━━━ Given information

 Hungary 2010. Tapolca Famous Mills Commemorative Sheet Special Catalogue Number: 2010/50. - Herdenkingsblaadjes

━━━━━━
━━━ Given information

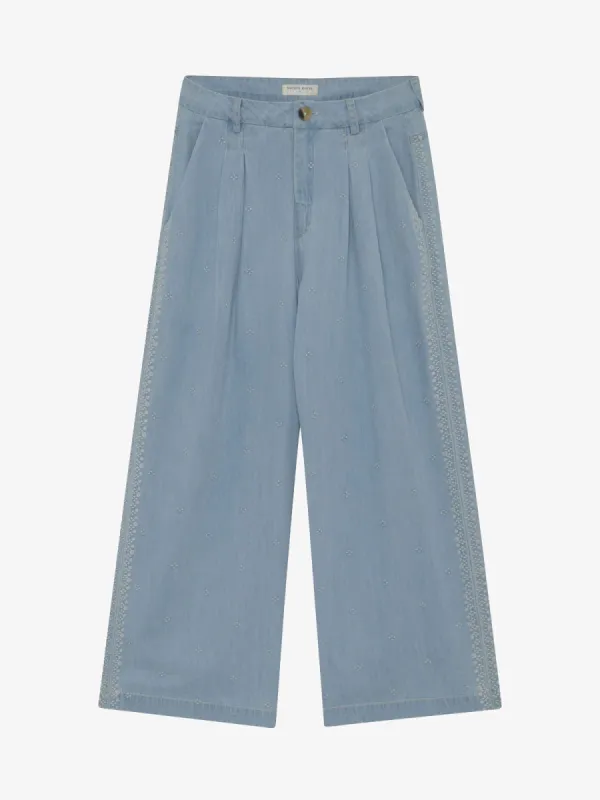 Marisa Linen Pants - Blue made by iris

━━━━━━
━━━ Given information

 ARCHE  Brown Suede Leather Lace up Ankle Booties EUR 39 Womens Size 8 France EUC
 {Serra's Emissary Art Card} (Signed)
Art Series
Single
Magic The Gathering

━━━━━━

■ **Instructions to follow**
Look above for the line with "8 France EUC" and the line with "Magic The Gathering". Write out those two lines and all the lines between them, exactly, and no others.

■ **Reply**
 ARCHE  Brown Suede Leather Lace up Ankle Booties EUR 39 Womens Size 8 France EUC
 {Serra's Emissary Art Card} (Signed)
Art Series
Single
Magic The Gathering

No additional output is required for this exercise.